TASK INSTRUCTIONS
Omit all pictures, then print the entries exactly.

[Records drawn from a dataset]
════
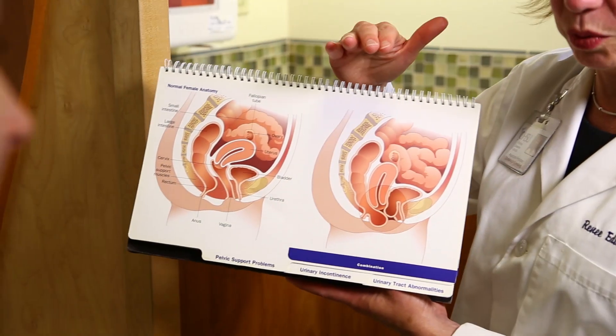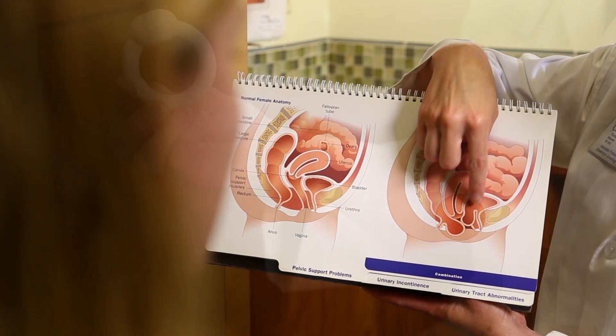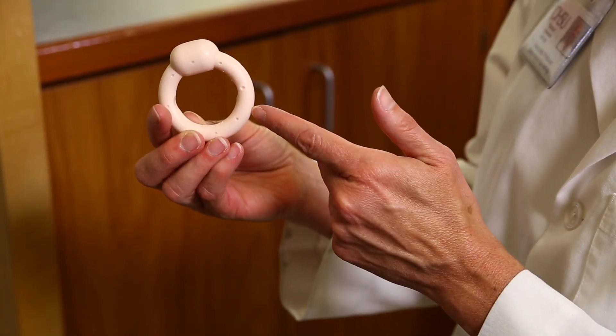Non-surgical treatments for Pelvic Organ Prolapse revolve around either strengthening your own muscle tone by doing Kegel exercises, or the use of a device called a pessary, properly fitted in place. You don't even know it's there, but the symptoms of the prolapse are relieved because the organs are elevated.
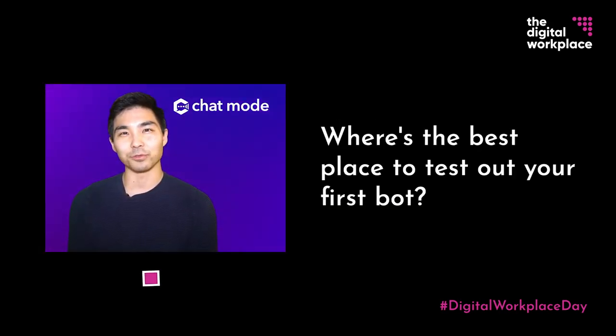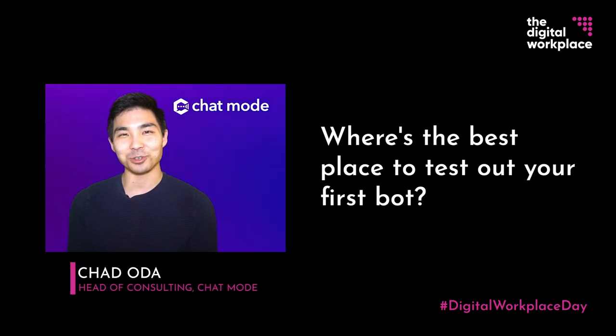So where's the best place to deploy your first chatbot? That's a little bit of a trick question, because before you start deploying a chatbot, you want to identify a use case that is, number one, technically feasible, number two, economically viable, and number three, valuable — meaning employees are going to find some value out of the specific use case.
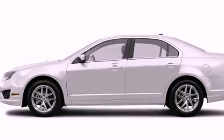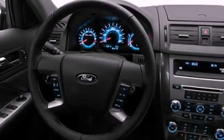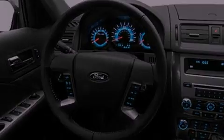Its top features include a navigation system, heated front seats, a low-tire pressure indicator, Sirius satellite radio, aluminum wheels, and traction control and stability control systems.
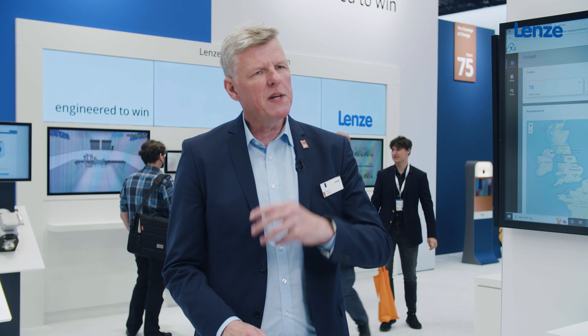Today we are surrounded by technology which gives us almost countless options and possibilities to build great things. We have artificial intelligence, we have cloud computing, we have IoT and we have edge computing.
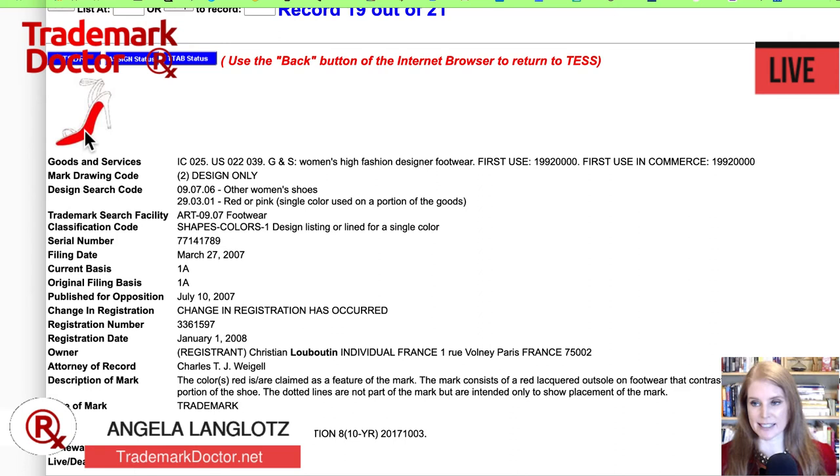It's kind of interesting how we claim these things in trademark land. This is an example of how color is used as a trademark. If you have trademark questions, drop them into the comments below — I'll answer them on a future live. You can find me online at trademarkdoctor.net, on Facebook at facebook.com/tradmarkdoctor, and I have a large YouTube channel with lots of videos on trademarks and copyrights. Just go to YouTube and search Trademark Doctor — you will find me there.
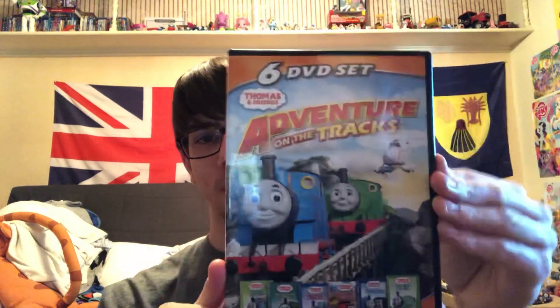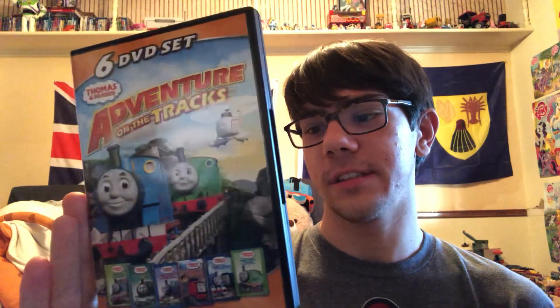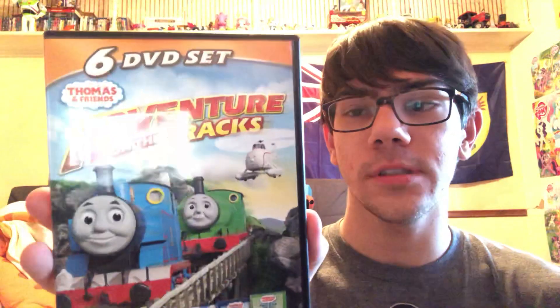That's pretty cool overall. This is a really awesome DVD box set. You get some old Thomas DVDs from the early 2000s, like 2004, 2005, 2006. And you get a nice picture of Thomas, Percy, and Harold on the cover.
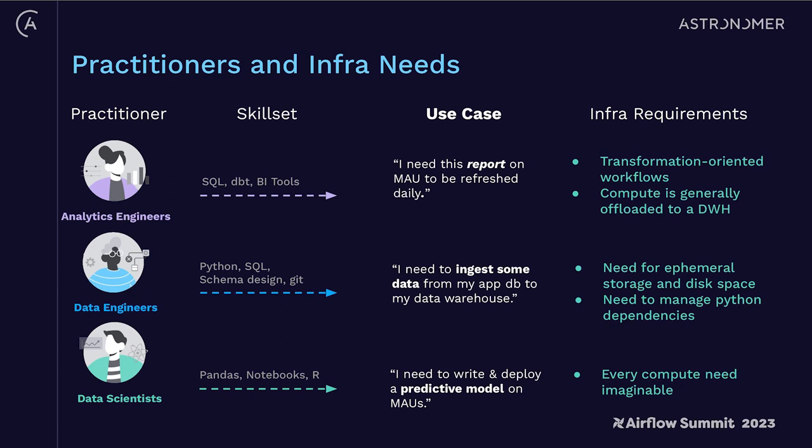There are really different compute requirements depending on what you're trying to do. For analytics engineering workflows largely oriented around pushing down SQL or dbt to a data warehouse, compute is generally offloaded entirely and Airflow is used as a state management and traditional orchestration layer. In the data engineering world, for use cases that involve ingesting data from an application DB to a data warehouse or consolidating legacy data sources, there's a need for ephemeral storage, disk space, and managing Python dependencies — isolation is really required.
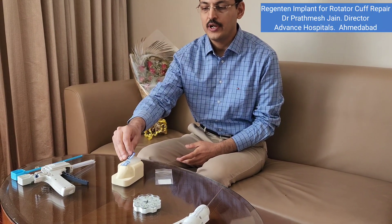We are talking about a very new osteo-inductive product in the shoulder which increases the healing of the rotator cuff. This product is called Regenton. It is the world's costliest implant which increases healing in the rotator cuff, and it can be used in both partial and complete rotator cuff tears.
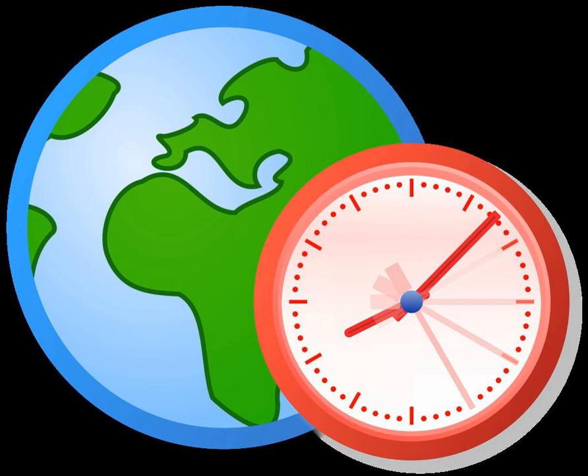Ancient cultures used different approximations for Pi. The Babylonians used 25/8, and the Egyptians used 256/81. Pi is a fundamental constant of nature and architecture. Archimedes discovered that the area of the circle equals the square of its radius times Pi.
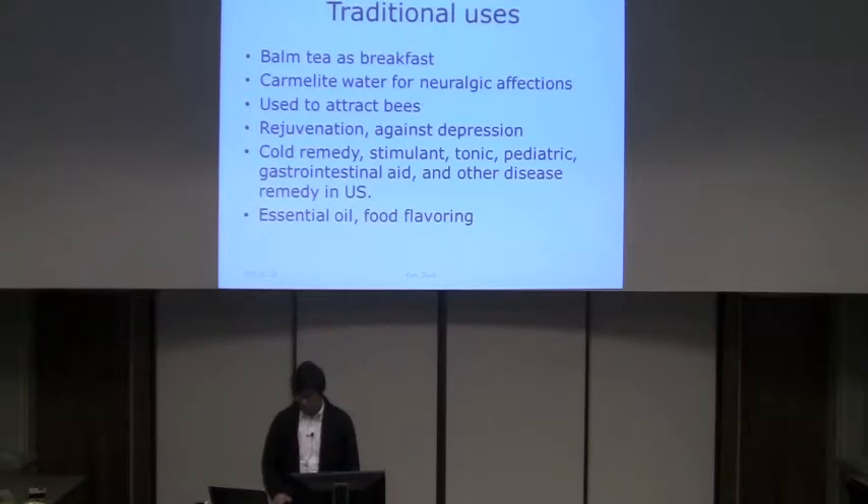For traditional use, in Europe they use it as a balm tea for breakfast. Paracelsus, a Swiss botanist during the Renaissance, mentioned that this plant can revivify a man. An English journal mentioned it can renew youth, strengthen the brain, prevent baldness, and is a common light water for neuralgic affections.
════
FINISHED TASK
Non-surgical treatments for Pelvic Organ Prolapse revolve around either strengthening your own muscle tone by doing Kegel exercises, or the use of a device called a pessary, properly fitted in place. You don't even know it's there, but the symptoms of the prolapse are relieved because the organs are elevated.
So where's the best place to deploy your first chatbot? That's a little bit of a trick question, because before you start deploying a chatbot, you want to identify a use case that is, number one, technically feasible, number two, economically viable, and number three, valuable — meaning employees are going to find some value out of the specific use case.
Its top features include a navigation system, heated front seats, a low-tire pressure indicator, Sirius satellite radio, aluminum wheels, and traction control and stability control systems.
Today we are surrounded by technology which gives us almost countless options and possibilities to build great things. We have artificial intelligence, we have cloud computing, we have IoT and we have edge computing.
It's kind of interesting how we claim these things in trademark land. This is an example of how color is used as a trademark. If you have trademark questions, drop them into the comments below — I'll answer them on a future live. You can find me online at trademarkdoctor.net, on Facebook at facebook.com/tradmarkdoctor, and I have a large YouTube channel with lots of videos on trademarks and copyrights. Just go to YouTube and search Trademark Doctor — you will find me there.
That's pretty cool overall. This is a really awesome DVD box set. You get some old Thomas DVDs from the early 2000s, like 2004, 2005, 2006. And you get a nice picture of Thomas, Percy, and Harold on the cover.
There are really different compute requirements depending on what you're trying to do. For analytics engineering workflows largely oriented around pushing down SQL or dbt to a data warehouse, compute is generally offloaded entirely and Airflow is used as a state management and traditional orchestration layer. In the data engineering world, for use cases that involve ingesting data from an application DB to a data warehouse or consolidating legacy data sources, there's a need for ephemeral storage, disk space, and managing Python dependencies — isolation is really required.
We are talking about a very new osteo-inductive product in the shoulder which increases the healing of the rotator cuff. This product is called Regenton. It is the world's costliest implant which increases healing in the rotator cuff, and it can be used in both partial and complete rotator cuff tears.
Ancient cultures used different approximations for Pi. The Babylonians used 25/8, and the Egyptians used 256/81. Pi is a fundamental constant of nature and architecture. Archimedes discovered that the area of the circle equals the square of its radius times Pi.
For traditional use, in Europe they use it as a balm tea for breakfast. Paracelsus, a Swiss botanist during the Renaissance, mentioned that this plant can revivify a man. An English journal mentioned it can renew youth, strengthen the brain, prevent baldness, and is a common light water for neuralgic affections.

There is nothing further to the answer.